[DATASET CONTENT — start]

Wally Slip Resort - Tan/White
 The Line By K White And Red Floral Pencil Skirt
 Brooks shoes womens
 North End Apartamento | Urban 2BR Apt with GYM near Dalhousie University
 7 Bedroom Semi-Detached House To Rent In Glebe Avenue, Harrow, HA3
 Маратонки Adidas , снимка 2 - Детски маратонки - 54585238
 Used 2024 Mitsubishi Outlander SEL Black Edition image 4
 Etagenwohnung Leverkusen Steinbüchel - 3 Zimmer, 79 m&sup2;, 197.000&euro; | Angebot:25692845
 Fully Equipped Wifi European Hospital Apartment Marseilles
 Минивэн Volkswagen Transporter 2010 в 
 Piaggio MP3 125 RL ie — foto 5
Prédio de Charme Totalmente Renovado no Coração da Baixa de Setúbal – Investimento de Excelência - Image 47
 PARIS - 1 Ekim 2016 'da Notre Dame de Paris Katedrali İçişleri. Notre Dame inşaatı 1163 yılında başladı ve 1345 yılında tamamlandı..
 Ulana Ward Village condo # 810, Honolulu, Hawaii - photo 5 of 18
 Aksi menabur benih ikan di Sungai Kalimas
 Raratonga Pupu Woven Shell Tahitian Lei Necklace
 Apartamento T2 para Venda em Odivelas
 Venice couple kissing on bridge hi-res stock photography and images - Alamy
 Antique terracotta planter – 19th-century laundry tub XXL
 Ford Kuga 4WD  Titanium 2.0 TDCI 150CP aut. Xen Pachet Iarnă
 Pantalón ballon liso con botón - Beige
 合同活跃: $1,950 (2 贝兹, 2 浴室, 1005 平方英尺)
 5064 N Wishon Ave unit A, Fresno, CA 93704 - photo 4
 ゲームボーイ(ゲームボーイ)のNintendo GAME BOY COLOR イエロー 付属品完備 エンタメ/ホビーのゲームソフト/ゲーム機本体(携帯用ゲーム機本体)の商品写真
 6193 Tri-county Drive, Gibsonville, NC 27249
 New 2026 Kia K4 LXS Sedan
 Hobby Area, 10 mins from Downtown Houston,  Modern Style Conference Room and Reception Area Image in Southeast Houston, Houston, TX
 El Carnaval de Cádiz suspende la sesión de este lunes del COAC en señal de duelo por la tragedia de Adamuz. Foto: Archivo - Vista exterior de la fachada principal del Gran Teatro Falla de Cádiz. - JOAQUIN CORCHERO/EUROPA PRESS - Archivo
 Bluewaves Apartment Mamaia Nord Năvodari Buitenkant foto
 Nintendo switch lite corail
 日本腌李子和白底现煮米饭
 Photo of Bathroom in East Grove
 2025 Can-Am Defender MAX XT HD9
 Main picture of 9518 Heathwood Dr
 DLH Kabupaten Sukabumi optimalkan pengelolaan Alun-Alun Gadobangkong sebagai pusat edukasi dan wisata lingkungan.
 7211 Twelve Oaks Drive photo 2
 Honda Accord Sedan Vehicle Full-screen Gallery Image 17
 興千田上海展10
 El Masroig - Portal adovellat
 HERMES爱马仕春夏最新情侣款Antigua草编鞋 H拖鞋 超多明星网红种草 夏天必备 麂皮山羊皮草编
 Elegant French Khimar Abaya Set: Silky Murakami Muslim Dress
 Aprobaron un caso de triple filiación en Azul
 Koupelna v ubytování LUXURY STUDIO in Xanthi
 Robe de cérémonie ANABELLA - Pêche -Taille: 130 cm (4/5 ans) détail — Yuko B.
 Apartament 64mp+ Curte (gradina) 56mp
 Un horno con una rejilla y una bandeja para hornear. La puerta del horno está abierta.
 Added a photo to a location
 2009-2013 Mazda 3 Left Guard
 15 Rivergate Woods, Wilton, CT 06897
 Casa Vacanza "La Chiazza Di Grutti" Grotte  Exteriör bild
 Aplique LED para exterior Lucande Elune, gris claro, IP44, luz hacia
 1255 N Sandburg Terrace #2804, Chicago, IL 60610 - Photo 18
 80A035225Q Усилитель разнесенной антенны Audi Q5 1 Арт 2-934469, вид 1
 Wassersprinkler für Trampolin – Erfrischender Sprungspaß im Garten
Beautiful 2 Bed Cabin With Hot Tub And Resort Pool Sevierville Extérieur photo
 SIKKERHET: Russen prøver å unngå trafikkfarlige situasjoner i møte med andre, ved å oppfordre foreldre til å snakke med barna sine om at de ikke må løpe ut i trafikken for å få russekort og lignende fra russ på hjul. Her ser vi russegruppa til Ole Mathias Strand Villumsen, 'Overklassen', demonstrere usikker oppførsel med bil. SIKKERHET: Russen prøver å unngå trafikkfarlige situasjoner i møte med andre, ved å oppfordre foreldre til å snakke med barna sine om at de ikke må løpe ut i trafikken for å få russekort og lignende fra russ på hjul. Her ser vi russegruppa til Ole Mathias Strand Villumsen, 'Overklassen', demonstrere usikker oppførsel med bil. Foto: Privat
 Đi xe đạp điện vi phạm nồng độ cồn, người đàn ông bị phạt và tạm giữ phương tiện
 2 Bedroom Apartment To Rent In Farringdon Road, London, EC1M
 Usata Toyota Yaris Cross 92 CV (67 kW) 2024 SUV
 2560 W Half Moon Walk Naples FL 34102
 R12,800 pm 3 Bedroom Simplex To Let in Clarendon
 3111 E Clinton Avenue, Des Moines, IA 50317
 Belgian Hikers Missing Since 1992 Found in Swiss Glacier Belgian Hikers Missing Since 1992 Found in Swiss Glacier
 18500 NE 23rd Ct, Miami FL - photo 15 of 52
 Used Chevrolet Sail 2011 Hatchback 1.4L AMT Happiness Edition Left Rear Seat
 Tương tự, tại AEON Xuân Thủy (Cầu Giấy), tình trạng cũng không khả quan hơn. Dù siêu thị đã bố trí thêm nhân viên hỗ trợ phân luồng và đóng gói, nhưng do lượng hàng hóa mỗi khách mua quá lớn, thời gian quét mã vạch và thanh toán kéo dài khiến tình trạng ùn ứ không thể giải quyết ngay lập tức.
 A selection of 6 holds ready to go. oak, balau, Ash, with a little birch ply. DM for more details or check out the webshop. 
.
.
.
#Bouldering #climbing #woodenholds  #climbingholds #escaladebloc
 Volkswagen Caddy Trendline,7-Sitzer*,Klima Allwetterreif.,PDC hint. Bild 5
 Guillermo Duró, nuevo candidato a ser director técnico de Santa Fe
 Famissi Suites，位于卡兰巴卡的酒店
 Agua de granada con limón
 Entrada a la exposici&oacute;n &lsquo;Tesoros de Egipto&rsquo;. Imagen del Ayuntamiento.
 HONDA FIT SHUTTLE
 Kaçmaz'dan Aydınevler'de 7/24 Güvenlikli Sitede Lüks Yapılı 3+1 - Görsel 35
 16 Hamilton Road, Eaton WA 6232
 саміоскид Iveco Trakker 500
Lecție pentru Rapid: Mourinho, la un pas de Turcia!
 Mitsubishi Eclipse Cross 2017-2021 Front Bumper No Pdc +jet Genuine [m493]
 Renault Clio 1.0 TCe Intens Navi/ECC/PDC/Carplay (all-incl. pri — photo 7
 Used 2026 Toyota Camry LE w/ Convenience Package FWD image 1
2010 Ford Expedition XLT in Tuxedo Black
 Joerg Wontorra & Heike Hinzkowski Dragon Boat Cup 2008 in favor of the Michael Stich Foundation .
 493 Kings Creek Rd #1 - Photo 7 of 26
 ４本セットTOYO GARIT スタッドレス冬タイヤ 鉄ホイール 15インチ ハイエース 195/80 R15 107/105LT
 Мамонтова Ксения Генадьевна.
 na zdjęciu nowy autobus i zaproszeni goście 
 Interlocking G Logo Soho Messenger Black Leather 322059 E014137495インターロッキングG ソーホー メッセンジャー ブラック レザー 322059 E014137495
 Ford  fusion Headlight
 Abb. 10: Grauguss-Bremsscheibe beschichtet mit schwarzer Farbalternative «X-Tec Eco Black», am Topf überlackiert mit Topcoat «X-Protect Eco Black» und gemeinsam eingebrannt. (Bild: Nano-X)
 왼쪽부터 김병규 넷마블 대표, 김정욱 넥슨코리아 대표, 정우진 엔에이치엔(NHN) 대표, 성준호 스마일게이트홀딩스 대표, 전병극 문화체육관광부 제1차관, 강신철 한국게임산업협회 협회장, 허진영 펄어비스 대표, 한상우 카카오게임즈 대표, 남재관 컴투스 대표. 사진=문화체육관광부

[DATASET CONTENT — finish]

▶ YOUR GOAL: The answer must hold only the lines from the first line of the data through the line bearing "Prédio de Charme", returned exactly.

▶ PROBLEM SOLUTION:
Wally Slip Resort - Tan/White
 The Line By K White And Red Floral Pencil Skirt
 Brooks shoes womens
 North End Apartamento | Urban 2BR Apt with GYM near Dalhousie University
 7 Bedroom Semi-Detached House To Rent In Glebe Avenue, Harrow, HA3
 Маратонки Adidas , снимка 2 - Детски маратонки - 54585238
 Used 2024 Mitsubishi Outlander SEL Black Edition image 4
 Etagenwohnung Leverkusen Steinbüchel - 3 Zimmer, 79 m&sup2;, 197.000&euro; | Angebot:25692845
 Fully Equipped Wifi European Hospital Apartment Marseilles
 Минивэн Volkswagen Transporter 2010 в 
 Piaggio MP3 125 RL ie — foto 5
Prédio de Charme Totalmente Renovado no Coração da Baixa de Setúbal – Investimento de Excelência - Image 47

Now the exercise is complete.